Depending on how you write the factorization algorithm (meaning: which update of the term you choose, or the order of the FOR loops) algorithms have different properties specially on how and when should one update the new computed values of the factorization. Some implementation (they are called supernodal) allow to gather some nodes and do the update work in a block fashion (from time to time, not on all the matrix though). This allows to use dense matrix algorithmic (such as dense matrices product etc) which are highly optimized by BLAS implementation. Even if those optimization impacts only a fraction of the complete factorization, the speedup may be impressive. Multifrontal solvers also allow to use the same trick, but with an other idea.
A good reference (but I find it require a lot of investment to be fully understood) is the book of Tim Davis http://www.amazon.com/Direct-Methods-Systems-Fundamentals-Algorithms/dp/...

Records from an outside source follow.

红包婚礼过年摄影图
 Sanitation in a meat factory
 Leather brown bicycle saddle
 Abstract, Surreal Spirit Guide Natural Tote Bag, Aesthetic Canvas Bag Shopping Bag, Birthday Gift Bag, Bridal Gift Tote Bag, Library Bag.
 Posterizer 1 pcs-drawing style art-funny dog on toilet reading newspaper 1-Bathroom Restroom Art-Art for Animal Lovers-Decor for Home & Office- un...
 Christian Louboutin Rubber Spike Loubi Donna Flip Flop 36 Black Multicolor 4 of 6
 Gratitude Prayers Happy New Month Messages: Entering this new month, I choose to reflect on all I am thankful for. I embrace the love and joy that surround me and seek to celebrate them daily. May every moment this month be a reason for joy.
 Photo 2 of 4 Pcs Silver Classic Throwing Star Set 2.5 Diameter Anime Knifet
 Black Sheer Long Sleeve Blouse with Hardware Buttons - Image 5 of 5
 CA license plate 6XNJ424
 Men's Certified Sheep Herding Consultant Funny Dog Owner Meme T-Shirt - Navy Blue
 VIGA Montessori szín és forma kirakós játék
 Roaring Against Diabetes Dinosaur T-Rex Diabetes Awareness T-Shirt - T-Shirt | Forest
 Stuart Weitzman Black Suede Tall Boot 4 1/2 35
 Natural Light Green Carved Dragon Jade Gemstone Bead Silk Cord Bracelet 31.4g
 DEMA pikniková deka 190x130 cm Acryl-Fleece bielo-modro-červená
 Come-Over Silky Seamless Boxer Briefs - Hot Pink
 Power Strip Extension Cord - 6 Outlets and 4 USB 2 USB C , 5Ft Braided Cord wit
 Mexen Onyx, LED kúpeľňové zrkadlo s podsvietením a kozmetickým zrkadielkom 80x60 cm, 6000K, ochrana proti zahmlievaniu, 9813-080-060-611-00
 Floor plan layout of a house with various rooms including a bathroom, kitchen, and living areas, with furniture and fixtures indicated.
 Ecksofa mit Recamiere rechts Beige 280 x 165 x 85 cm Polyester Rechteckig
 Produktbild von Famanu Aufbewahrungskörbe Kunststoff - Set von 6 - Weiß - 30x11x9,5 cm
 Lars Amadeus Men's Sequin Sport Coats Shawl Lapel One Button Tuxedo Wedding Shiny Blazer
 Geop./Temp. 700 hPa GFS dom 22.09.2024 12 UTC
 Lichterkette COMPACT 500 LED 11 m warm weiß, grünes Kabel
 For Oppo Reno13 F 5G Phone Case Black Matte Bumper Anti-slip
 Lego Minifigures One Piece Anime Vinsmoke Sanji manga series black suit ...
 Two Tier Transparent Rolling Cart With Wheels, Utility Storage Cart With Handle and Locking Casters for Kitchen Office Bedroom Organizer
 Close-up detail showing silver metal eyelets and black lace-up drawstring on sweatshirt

As you probably know, the performance of blas, up to now, was dependent of the hardware architecture (cache property, pipelining etc) , since the libraries were using assembler to get full speedup. The automatic tuning of ATLAS changed this quite a bit, since it could get almost optimal performance on almost any machine. However the main part of eigen is devoted to create a comparable code but with SSE3 instructions which is 1) higher in the code hierarchy 2) more generic. So eigen is able to create optimized blas on any hardware supporting SSE3 instructions. that's great, but limited to dense algorihms.
On the other hand, I know they are developping some algorithmic for sparse matrices, but as far as I know those algorithm won't benefit much of the speedup of the dense algorithms. However I checked that one year ago, so I should check it once again before being fully affirmative on that point.
Best Regards,
Thomas
Further on solvers
Dear Thomas,
0. Thanks, once again, for a wonderfully detailed reply.
1. About books: It was only after writing my request about "left-looking" etc. that it occured to me to look up in Numerical Recipes. (I have the 2/e, in C++.) I then realized how much I have to learn. ... I will complete NR and then try to go through Davis' book. Your comments will also come in handy in this learning process, I am sure.
2. The absence of comparative data: However, there is another thing I wish to note, and it is: the absence of comparative performance data for large systems, and on the common (PC) platform. Allow me to explain.
A while ago, we had a discussion at iMechanica concerning FORTRAN vs. C++, and someone mentioned that the default FORTRAN code would be faster than the default C++ one. (I tried searching for that thread, but in vain. The thread I have in mind is not this one [^] or this one [^].) With expression templates, even C++ code should be fast. But how fast(er)? One would like to have some definitive data for matrices of orders 10K+, but such data are surprisingly difficult to find.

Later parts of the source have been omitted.